Sunday, April 29, 2007

#23 - Video In The Post-Betamax World

We've come a long way since the Betamax-VHS format wars of the 1980s. It's no longer about the shape of your video cassette. No, it's about how easily you can copy your files to your computer and save them to your preferred video sharing site.

Online video has improved by leaps and bounds in the last few years - there's more of it, for sure, but the quality is much much higher (bigger screen sizes, fewer pauses when watching). This change is largely about improvements in technology - digital video cameras are much more common (including on standard digitial cameras and cell phones), highspeed internet access is much more common (important for watching videos but also for uploading them to the internet), video editing software has become far less expensive (often free online or pre-installed on newly purchased computers), and online storage (server space) has dropped dramatically in price.

That last one, the price of online storage, has been revolutionary - without it, companies like YouTube would not be able to host videos from millions of users without charging them a dime.

The (relative) ease of creating video, uploading it to the web, and storing it in an easy-to-access environment is starting to impact the way our society gets its news. Think about it - anyone with a digital camera can capture a news event on their cell phone video camera and save it to a YouTube account. Anyone remember the 2006 senate race in Virginia? The popular incumbent running for re-election started to lose steam after a YouTube video showed him insulting his oponent's campaign worker. He later lost the election. The video spread like wildfire in large part because of YouTube's video embedding function.

Video Embedding

All YouTube videos offer code that allow you to embed a video (it doesn't have to be yours - you can embed any video you find on YouTube) on your website or blog.

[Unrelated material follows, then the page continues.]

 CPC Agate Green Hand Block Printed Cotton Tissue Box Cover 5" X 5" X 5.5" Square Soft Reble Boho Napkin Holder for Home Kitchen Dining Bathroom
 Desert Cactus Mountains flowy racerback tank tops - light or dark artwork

Look below where I've embedded an outstanding video on Web 2.0 - click on the play icon to start it up, press pause to make it stop.


Content

Now, please understand that it's not just serious stuff - reporting, politics, web 2.0. There's thousands and thousands of fun, even useless, videos on YouTube for your watching pleasure. Me, I'm big on nostalgia and found some old commercials (Life Cereal, Colgate Toothpaste), local history (anyone remember the Kingdome?), and a bit of classic Seattle hip-hop before I even ate breakfast today.

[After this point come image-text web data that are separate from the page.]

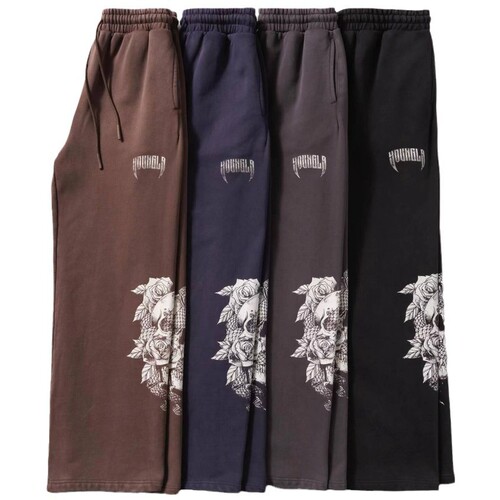 YOUNGLA American streetwear high-street track pants for runners, gym, fitness, casual straight-leg loose pants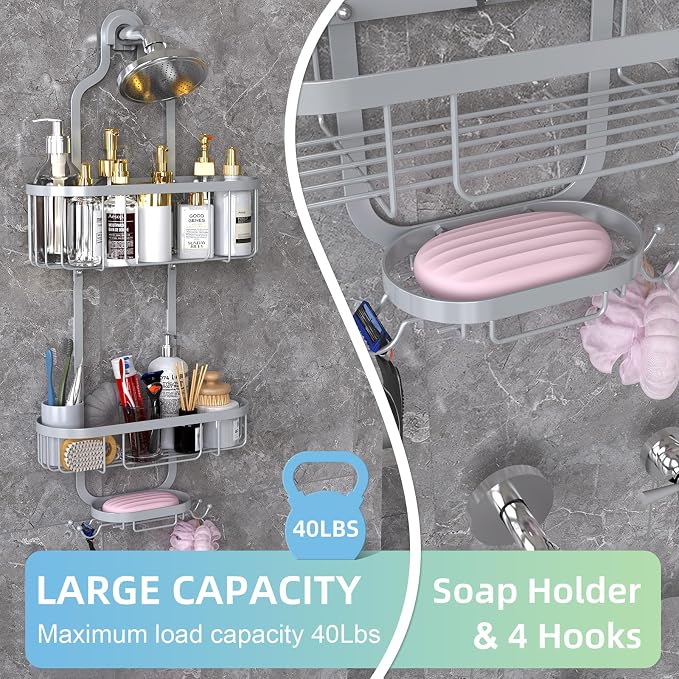 Kadolina Bathroom Hanging Shower Organizer, Over Head Shower Caddy Shower - Image 5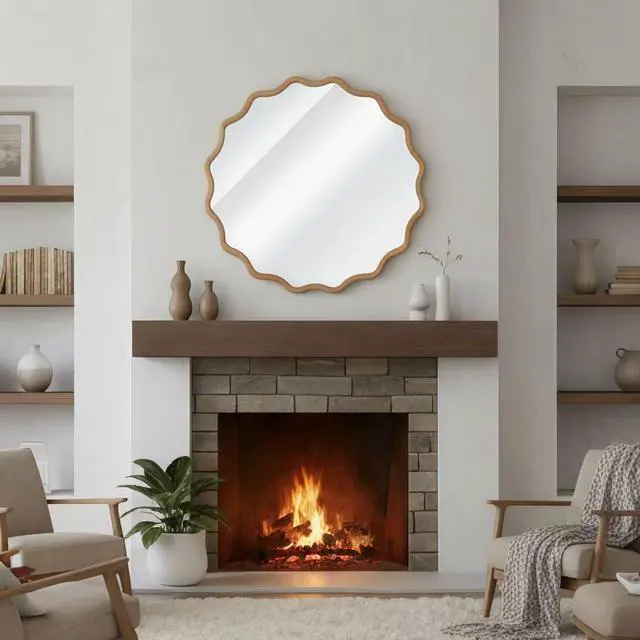 Alt view image 2 of 7 - Natural Wood Color 24 inch Wavy Round Solid Wood Frame Decorative Mirror,For Bedroom, Bathroom, Living Room, Entryway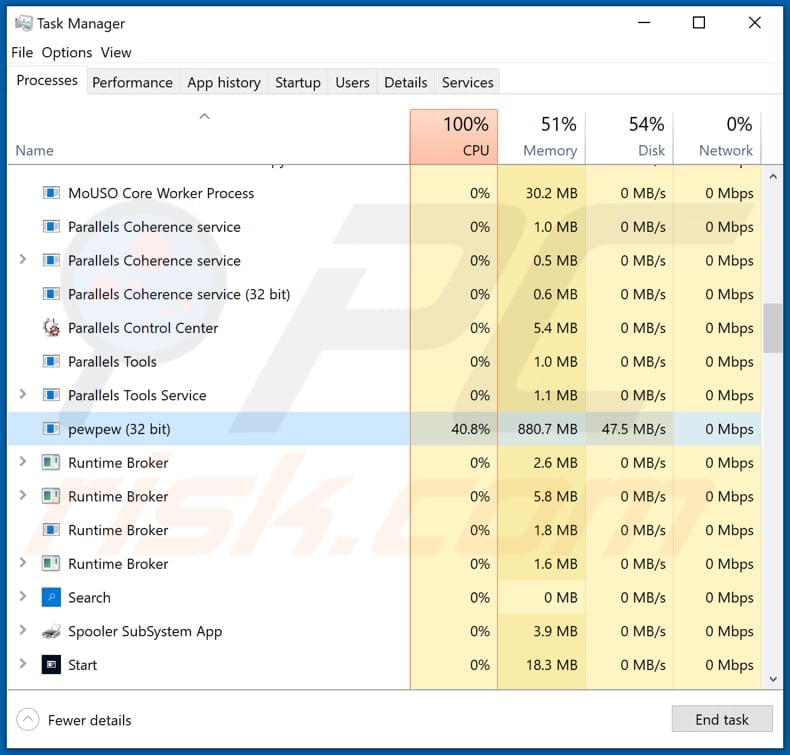 pewpew ransomware pewpew malicious process in task manager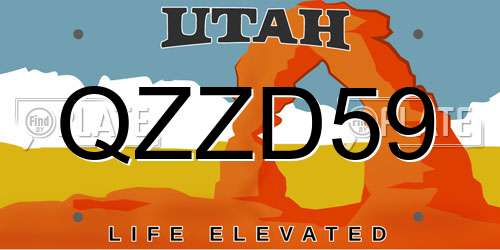 QZZD59 Utah License Plate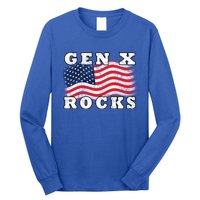 Gen X Rocks American Usa Flag July 4th Fun Retro 80s Vintage Great Gift Long Sleeve Shirt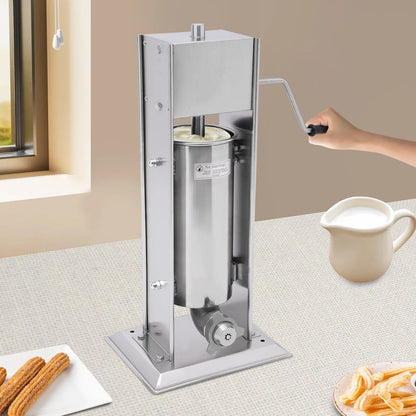Churro Maker Machine 5L Stainless Steel Homemade Vertical Chocolate Caramel Filling Kitchen Machine with 6 Nozzles & 2 Speed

But what about public libraries?

How about showcasing the opening of new facilities? Or storytimes? Author interviews? There are many opportunities to use video out there. There's even library dominoes...

Social Networking?

YouTube employs many of the social networking components we've seen in previous Learning 2.0 lessons - all videos are tagged (you can't upload a video without adding at least one) and video watchers are able to comment on what they've watched (they can type their comments or leave a video response). YouTube has also introduced an online video editor which is perfect for making simple edits to cell phone videos.

Google. Again.

YouTube is no longer the fresh-faced start-up company it was two years ago - they become part of the Google empire in 2006. Google paid $1.6 billion (yes, billion) for the company. You see, even Google slips up sometimes - they got into the video game too late and decided it was smarter business to acquire their main competitor.

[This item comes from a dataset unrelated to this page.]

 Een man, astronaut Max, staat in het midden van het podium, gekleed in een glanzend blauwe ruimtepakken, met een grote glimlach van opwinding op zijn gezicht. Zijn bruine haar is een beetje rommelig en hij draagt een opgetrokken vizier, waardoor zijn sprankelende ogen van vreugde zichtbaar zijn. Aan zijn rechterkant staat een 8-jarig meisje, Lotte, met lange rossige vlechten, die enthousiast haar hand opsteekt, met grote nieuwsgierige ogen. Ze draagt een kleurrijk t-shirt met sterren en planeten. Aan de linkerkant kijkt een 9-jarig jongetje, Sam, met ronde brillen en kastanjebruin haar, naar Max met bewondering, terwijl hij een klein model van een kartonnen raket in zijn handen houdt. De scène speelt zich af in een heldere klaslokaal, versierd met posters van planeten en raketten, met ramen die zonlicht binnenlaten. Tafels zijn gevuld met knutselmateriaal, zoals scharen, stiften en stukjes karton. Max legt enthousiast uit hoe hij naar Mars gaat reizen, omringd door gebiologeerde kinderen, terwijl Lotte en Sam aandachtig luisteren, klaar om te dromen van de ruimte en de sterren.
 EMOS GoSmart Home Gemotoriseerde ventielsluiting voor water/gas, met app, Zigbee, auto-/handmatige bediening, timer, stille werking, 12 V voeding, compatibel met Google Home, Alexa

Enough about Google, though. Time to search YouTube.

Discovery Exercise.
  1. Look for something that interests you on YouTube - spend a few minutes (and we mean just a few - it can get addictive) exploring.
  2. Write a blog posting about your experience - what's your take on YouTube? Do you see any other possible uses for YouTube at KCLS?
  3. Optional Last Step: try embedding the video you found in your blog. You'll need to use Blogger's Edit HTML tab when pasting this code.
That's it for today, everyone, thanks for reading and doing.

Next up - podcasts...

7 comments:

walker said...

can you give anymore instructions on how to embed the youtube video into our blogs?

bugeyerita said...

I tried to use the HTML tab and finally in frustration I used the Compose tab and Eureka it worked.

Lifelong Learner said...

OMG! You found the Life commercial with Webster in it. I love it!

anglophile said...

help, too - I paste in the url from the youtube site but this doesn't embed the video -just the link. Do I need to have a YouTube account to perform this function?

The Library Dude said...

HOW TO EMBED:
1. Find a video on YouTube.
2. To the right of the video is an "Embeded" box with a link in it.
3. Highlight and copy that whole embeded link...it will start with text something like this "object width="425"..." and end with text like this "...height="350">/embed>/object>"

4. Now go to your blogger account and get to the point where you start a new post.
5. Click on the "Edit HTML" tab instead of "Compse" tab
6. Paste in that long link of code that you copied from the embeded link off YouTube
7. Publish your post.
8. The video will show up inside your blog post and people won't have to leave your blog to watch it.

anglophile said...

Thanks, Library Dude! It worked (when I tried it yesterday, I had cut off some of the code), but I don't really like how it looks! But nice to have success - thnx!!

surly said...

you're right, that video on web 2.0 is truly outstanding. thanks.